Like many memoirs, An American Son is filled with stories of Rubio’s family and upbringing. But unlike most, it features the unique struggles his family faced as Cuban exiles.

Reflecting on the hard lives of his maternal grandfather and father, Rubio writes:

I was nothing like my grandfather, a disabled man who had lost his job and his status and yet took any work he could find to feed his family. Walking for miles every day, falling down, getting up, walking some more; rejected, humiliated, ignored. he had never quit. He had never given in to self-pity.

I was nothing like my father, motherless and working since he was nine. He had gone to bed hungry many nights. He had lived in the streets and slept on a wooden crate in a storeroom. He had tried and failed and tried and failed again to start a business. He had lost his country. His work as a bartender had him coming home late at night well into his seventies I had never heard a single complaint escape his lips.

The trials I was facing were nothing compared to theirs.

Much of the book focused on Rubio’s dramatically successful — yet, in some ways, conventional — political rise. Of course, his most remarkable triumph came in defeating then-Gov. Charlie Crist for a U.S. Senate seat. Interestingly, Rubio reveals he could have potentially been talked out of the run.

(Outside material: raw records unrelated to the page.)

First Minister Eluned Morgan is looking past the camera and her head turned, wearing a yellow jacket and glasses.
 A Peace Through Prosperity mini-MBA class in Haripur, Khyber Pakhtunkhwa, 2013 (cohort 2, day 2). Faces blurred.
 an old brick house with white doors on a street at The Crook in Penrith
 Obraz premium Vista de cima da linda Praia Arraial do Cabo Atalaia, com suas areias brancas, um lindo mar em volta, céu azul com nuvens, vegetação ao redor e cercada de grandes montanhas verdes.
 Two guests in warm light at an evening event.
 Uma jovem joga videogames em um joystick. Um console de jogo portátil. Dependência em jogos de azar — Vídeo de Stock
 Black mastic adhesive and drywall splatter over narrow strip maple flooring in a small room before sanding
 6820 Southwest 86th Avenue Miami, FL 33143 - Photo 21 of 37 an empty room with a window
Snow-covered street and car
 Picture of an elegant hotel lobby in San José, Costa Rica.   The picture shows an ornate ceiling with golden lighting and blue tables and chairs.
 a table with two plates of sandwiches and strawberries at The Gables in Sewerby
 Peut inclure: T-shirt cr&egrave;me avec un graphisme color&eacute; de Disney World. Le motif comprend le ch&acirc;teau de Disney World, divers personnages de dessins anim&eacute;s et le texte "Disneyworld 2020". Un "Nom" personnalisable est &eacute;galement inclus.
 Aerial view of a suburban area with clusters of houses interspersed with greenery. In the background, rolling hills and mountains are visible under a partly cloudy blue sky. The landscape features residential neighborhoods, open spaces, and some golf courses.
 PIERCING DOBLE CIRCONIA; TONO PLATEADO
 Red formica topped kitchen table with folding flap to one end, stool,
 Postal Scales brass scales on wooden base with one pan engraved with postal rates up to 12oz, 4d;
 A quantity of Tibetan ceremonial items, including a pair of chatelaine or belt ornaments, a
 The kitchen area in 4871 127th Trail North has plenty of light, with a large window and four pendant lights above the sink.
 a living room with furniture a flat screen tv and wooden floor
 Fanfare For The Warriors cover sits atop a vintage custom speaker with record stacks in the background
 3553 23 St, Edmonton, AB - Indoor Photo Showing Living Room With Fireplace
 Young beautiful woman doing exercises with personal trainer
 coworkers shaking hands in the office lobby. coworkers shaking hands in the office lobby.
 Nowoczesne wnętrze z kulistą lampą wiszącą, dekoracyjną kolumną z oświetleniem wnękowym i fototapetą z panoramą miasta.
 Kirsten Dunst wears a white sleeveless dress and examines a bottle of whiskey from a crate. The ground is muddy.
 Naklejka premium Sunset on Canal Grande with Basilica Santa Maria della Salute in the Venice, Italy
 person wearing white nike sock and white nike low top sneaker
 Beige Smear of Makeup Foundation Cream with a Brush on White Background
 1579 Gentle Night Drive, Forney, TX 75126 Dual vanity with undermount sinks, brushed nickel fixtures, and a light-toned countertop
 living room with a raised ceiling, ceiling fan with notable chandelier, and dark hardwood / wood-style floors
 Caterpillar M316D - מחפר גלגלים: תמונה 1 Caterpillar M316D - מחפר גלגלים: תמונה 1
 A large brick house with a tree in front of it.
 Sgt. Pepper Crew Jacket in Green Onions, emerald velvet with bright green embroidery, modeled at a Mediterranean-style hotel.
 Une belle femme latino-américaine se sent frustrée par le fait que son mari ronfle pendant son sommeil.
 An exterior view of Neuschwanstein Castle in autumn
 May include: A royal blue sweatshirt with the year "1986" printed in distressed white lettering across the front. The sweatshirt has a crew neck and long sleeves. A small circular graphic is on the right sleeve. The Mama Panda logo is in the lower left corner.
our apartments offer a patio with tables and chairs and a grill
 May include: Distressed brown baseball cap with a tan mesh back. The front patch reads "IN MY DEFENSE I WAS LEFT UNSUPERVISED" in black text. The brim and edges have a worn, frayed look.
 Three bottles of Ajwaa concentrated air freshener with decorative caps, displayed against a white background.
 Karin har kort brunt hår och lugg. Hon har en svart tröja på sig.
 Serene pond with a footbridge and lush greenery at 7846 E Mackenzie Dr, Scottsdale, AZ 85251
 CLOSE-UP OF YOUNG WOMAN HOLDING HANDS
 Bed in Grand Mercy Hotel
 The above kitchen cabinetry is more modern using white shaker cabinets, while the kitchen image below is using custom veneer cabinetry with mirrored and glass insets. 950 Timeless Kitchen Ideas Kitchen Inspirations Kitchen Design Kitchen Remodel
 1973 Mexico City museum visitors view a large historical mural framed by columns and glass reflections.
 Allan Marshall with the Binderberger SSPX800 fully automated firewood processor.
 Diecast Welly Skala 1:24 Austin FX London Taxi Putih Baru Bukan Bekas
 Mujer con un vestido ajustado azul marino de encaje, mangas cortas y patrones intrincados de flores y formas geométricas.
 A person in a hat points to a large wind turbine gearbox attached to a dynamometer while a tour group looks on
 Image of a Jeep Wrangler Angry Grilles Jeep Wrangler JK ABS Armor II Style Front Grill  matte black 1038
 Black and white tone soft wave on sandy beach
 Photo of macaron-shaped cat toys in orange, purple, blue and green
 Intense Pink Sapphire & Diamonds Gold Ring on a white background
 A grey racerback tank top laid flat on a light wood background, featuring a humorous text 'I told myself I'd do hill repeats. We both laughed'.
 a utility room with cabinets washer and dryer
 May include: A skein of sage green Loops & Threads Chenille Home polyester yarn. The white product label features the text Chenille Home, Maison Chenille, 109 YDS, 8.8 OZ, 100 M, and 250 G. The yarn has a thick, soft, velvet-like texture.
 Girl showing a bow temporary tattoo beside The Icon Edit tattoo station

“Had the Republican Party chairman or Crist himself reached out to me personally in the spring of 2009,” Rubio writes, “they could probably have persuaded me not to run. I’m not proud of it now, but I think if they had acknowledged my concern that the party had strayed too far from our conservative principles, I would have walked away from the Senate race. I was looking for a face-saving way out. Instead, out of pride and hubris, they chose to intimidate me. And I, too, reacted out of pride.”